Dmitry Aleksandrovich Lukashenko (, , Dzmitry Alaksandravič Łukašenka; born 23 March 1980) is a Belarusian businessman and son of Alexander Lukashenko, the President of Belarus, who is frequently thought to be the last dictator in Europe.

Early life and education
Dmitry Lukashenko was born on 23 March 1980 to Galina Lukashenko and Alexander Lukashenko.

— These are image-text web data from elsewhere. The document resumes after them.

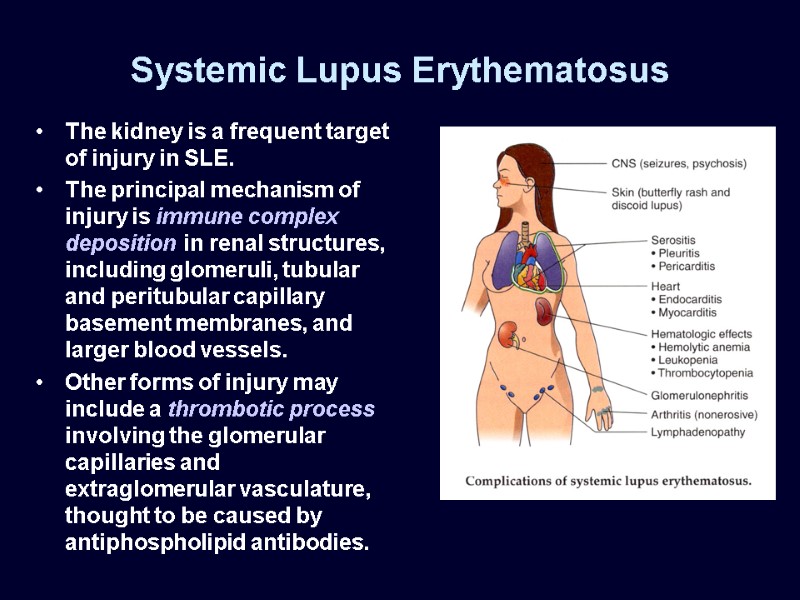 Systemic Lupus Erythematosus The kidney is a frequent target of injury in SLE. 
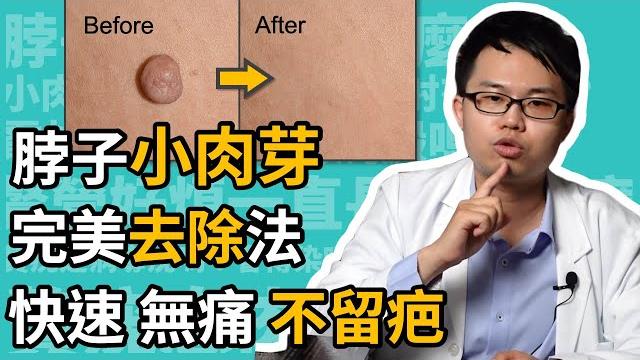 脖子長小肉芽、贅疣、瘜肉、肉疣、皮贅,如何治療,快速、有效又不留疤?皮膚科楊省三醫師教你這樣做! 脖子長小肉芽、贅疣、瘜肉、肉疣、皮贅,如何治療,快速、有效又不留疤?皮膚科楊省三醫師教你這樣做!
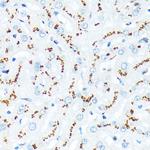 TGN46 Antibody in Immunohistochemistry (Paraffin) (IHC (P))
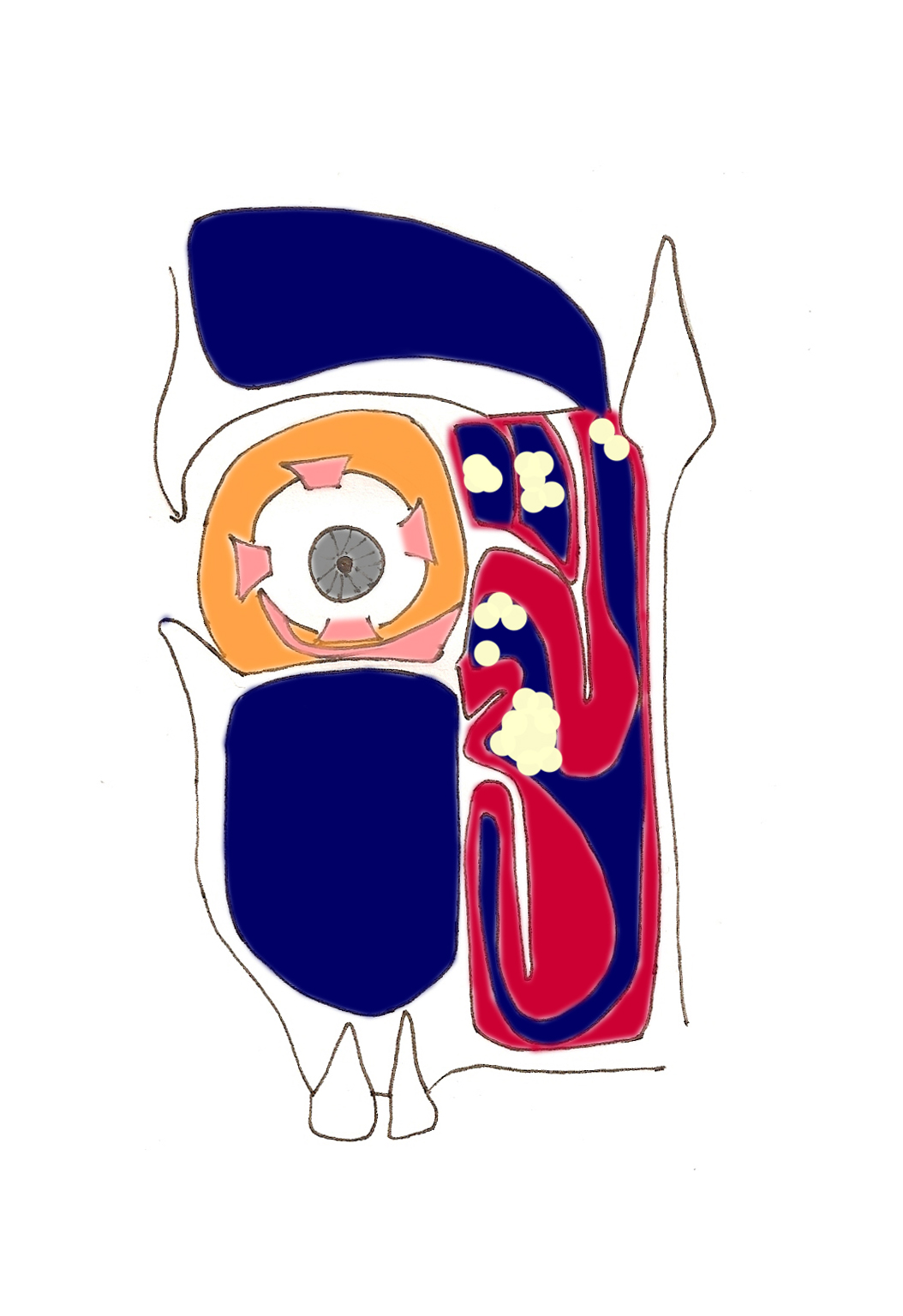 polypose2-nasale-sinus-obstruction-nez-bouche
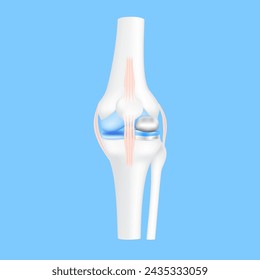 La cirugía de reemplazo parcial de rodilla o el implante para el tratamiento alivian la artritis, después de la lesión articular. Hueso de la pierna y ligamento del cartílago. Tratamiento de tecnología médica de innovación. Vector realista 3D EPS10.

Dmitry Lukashenko graduated from the International Relations faculty of the Belarusian State University. He served in the Border Guard Service of Belarus.

Career
He is the head of the Presidential Sports Club.

Accusations, EU sanctions
In 2011, after the wave of repressions that followed the 2010 presidential election in Belarus, Lukashenko became subject to an EU travel ban and asset freeze as part of a sanctions list of 208 individuals responsible for political repressions, electoral fraud and propaganda. In the EU Council's decision, Lukashenko has been described as "Businessman, with active participation in financial operations involving the Lukashenka family.” The sanctions were lifted in 2016.

On 21 June 2021, Dmitry Lukashenko was again banned from entering the European Union. Switzerland joined the sanctions on 7 July.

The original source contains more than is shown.